After we picked up all the ingredients needed for the cooking class we headed to a nearby house to start the cooking portion. In addition to Gemma we also had 2 Moroccan ladies assisting with the food prep. The menu changes, but for our class we prepared Moroccan salad with fresh tomatoes, zucchini salad, carrot salad with almonds and raisins, eggplant salad, a sardine appetizer, chicken tajine with carrots and chickpeas, and for dessert Moroccan sugar cookies. Since I have zero domestic skills  I was given the simple tasks- you know the ones you would give to a child. Yep. The real cooking was left to those with more experience.

 

 

 

 

 

 

 

 

 

 

 

Part way thru the class my sidekick and I were left with the task of taking the sardine dish to the local communal bakery where it could be baked at high temperatures. There are communal bakeries in every neighbourhood where local women bring their daily  bread as well as other dishes to be baked for a small fee. We dropped off the dish and went back 30 minutes later to collect it. The men working there were naturally quite taken with us, wanting to show us how the oven worked, how deep it was, and the main baker posed for photos. Fun fact: the oven was super deep- he would shove in this long piece of wood and pull out like 20 loafs of bread. It was a really fun experience, and one that we wouldn’t have had were it not for this class. After the cooking was finished it was time to taste our creations, perfectly paired with chilled Moroccan white wine. It was a lovely afternoon. I would highly recommend a cooking class if you’re planning on traveling to Morocco.

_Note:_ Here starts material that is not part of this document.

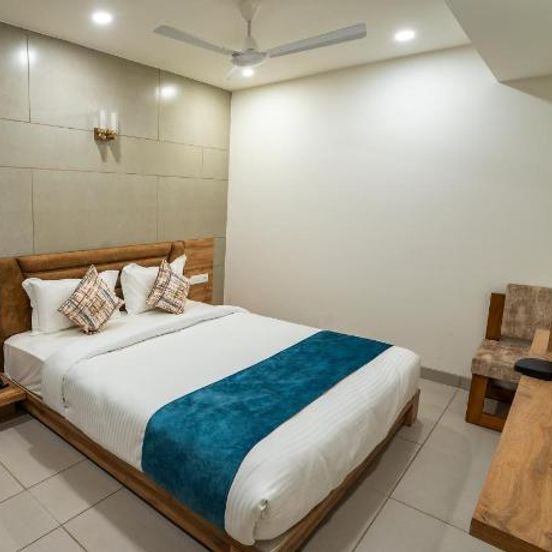 Hotel Pleasant Lake image 1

Have you taken a cooking class while traveling? Did you recreate the recipes once you got back home?

 

 

2 Comments

  1. Kerri

    I took a Thai cooking class in Chiang Mai. I still have the cookbook they gave and recreate the recipes to impress people wherever I have people over. Didn’t think of taking a Moroccan cooking class when I was there, but it was such a short trip I did not have time. But if I get to Marrakech again, I will check that out.

    • kristinewanders

      Kerri,

      Yes- I need to make a point about taking more classes- I’m very food driven with travels and always try to fit in a fancy tasting menu evening, but that being said I also enjoy cheap street food. The best memory of that Morocco class was having to take the bread to the communal bakery and then go back and pick it up. It really gave us an idea of how local people baked.